By Poppy McPherson and Jiraporn Kuhakan
UTHAI SAWAN, Thailand (Reuters) – It was nap time at Uthai Sawan Child Development Centre in northeastern Thailand and 24 children aged 2 to 5 years were bedded down at evenly spaced spots on the wood-paneled floor.
All seemed calm until an ex-cop armed with a gun and knife stormed into the daycare centre, with on duty staff unable to stop him. The former police sergeant shot at the door of the room where the children slept and killed 22 of them, mostly with a knife, in a rampage that resulted in one of the worst massacres of children by a single killer in recent history.

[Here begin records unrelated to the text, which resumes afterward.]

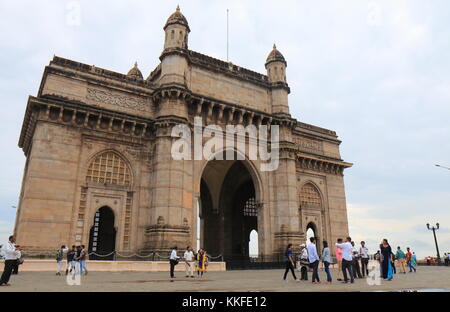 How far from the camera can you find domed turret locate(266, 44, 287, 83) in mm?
29688

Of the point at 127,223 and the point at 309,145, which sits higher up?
the point at 309,145

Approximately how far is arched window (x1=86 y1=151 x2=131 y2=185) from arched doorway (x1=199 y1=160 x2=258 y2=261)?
1222cm

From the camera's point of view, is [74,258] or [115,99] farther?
[115,99]

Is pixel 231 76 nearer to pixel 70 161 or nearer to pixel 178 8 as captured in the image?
pixel 178 8

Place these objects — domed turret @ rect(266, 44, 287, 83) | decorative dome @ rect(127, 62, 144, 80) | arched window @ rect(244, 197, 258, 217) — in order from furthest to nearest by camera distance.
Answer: arched window @ rect(244, 197, 258, 217) → decorative dome @ rect(127, 62, 144, 80) → domed turret @ rect(266, 44, 287, 83)

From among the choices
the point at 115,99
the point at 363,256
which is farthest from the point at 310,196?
the point at 115,99

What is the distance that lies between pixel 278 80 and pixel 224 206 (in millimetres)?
13695

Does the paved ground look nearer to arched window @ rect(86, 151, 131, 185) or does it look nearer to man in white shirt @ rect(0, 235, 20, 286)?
man in white shirt @ rect(0, 235, 20, 286)

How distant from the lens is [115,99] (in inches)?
902

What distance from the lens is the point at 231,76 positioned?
27422 mm

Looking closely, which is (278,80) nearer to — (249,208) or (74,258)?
(249,208)

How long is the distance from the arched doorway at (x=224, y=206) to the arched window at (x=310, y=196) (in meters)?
5.20

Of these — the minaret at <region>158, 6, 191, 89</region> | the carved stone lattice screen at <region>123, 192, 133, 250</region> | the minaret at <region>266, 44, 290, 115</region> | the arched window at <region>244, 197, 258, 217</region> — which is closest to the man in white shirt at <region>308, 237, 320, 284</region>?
the carved stone lattice screen at <region>123, 192, 133, 250</region> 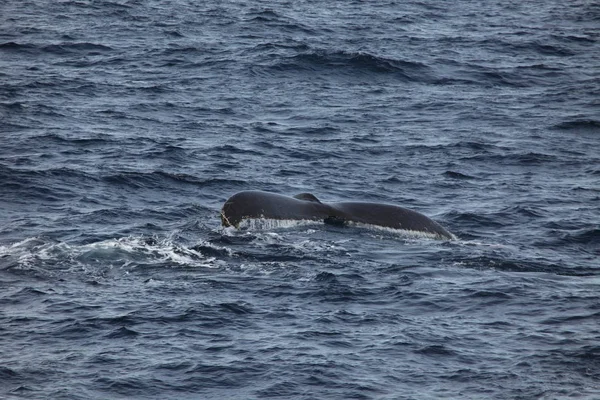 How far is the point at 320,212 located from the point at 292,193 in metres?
4.36

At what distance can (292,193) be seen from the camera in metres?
26.6

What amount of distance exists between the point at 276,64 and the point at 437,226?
19.9 m

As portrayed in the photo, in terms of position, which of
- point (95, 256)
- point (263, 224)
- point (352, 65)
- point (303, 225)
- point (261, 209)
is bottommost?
point (95, 256)

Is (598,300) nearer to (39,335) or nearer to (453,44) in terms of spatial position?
(39,335)

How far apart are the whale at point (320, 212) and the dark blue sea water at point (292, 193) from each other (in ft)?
0.93

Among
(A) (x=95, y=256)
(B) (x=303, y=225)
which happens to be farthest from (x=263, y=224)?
(A) (x=95, y=256)

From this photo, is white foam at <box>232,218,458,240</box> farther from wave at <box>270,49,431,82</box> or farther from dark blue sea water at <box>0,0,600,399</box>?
wave at <box>270,49,431,82</box>

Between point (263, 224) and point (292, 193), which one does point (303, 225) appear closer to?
point (263, 224)

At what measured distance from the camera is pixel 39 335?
17.1m

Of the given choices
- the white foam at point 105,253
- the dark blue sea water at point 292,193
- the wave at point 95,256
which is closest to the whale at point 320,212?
the dark blue sea water at point 292,193

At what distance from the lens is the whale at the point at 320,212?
21703mm

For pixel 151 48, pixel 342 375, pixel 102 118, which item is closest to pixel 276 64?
pixel 151 48

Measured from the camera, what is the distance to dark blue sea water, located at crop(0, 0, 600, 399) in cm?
1631

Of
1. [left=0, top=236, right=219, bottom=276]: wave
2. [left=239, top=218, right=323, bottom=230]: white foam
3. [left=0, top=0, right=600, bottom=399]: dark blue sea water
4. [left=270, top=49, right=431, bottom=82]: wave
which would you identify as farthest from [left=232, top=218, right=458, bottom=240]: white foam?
[left=270, top=49, right=431, bottom=82]: wave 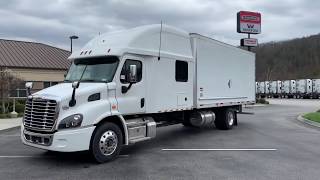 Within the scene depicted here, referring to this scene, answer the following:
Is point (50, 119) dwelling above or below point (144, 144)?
above

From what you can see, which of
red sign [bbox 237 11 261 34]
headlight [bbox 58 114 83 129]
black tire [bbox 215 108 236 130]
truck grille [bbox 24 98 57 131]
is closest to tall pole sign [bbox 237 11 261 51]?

Among those who died were twin boys Worapat and Weerapol Nuadkhao who were a month away from their fourth birthday.
“They wanted to have cakes, chocolate and strawberry. They were twins but they didn’t like the same things,” their mother, Pimpa Thana, told Reuters via phone.
“I don’t know what to do next,” she said, her voice shaking.
Two-year old Kritsana Sola, who loved dinosaurs and football was “so happy” to go to daycare everyday to play with friends and toys, his aunt said.
“He got to dress up nicely in a uniform…Sometimes he was allowed to wear a Chelsea football jersey, that was his favourite,” said Naliwan Duangket, showing on her phone a picture of the chubby-faced boy who was nicknamed ‘Captain’.
The daycare facility is a trusted go-to for families in nearby villages, with around 90 children usually attending daily, said municipal official Jidapa Boonsom who works in an office next door.
Parents drop the kids off at 8am for a morning filled with learning activities like reading, colouring, and playtime. Lunch is followed by a nap and students are meant to be washed and ready for pick-up soon after at 2.30pm, Jidapa said.
Just over a month ago, the class had gone on its annual field trip. In pictures of the trip posted on social media, the children are dressed in red shirts and black shorts, sneakers, some with their hair in pigtails and others with their sports caps on backwards.
In one photo, the children fold their hands in prayer while listening to a tour guide outside a temple. In another, they sit at the foot of a model dinosaur in a museum, looking up in awe. They are seen laughing, pulling faces, and posing with their teachers on the school bus.
On the day of the attack, heavy rains meant fewer than children had been dropped off at the daycare. Only two of them survived.
Television broadcaster Amain TV reported that one of the survivors, a girl named Honey, was sleeping, covered with a blanket, at the far end of the room.
Her grandfather rushed to the scene to find a teacher holding the girl in her arms, covering the child’s face with a cloth so she couldn’t see her dead friends.
‘It’s a miracle,’ the grandfather, who was not named, told the broadcaster.
Former policeman Panya Khamrap, 34, killed a total of 37 people, including his wife and child at home before turning the gun on himself, in a massacre that has shocked the Southeast Asian.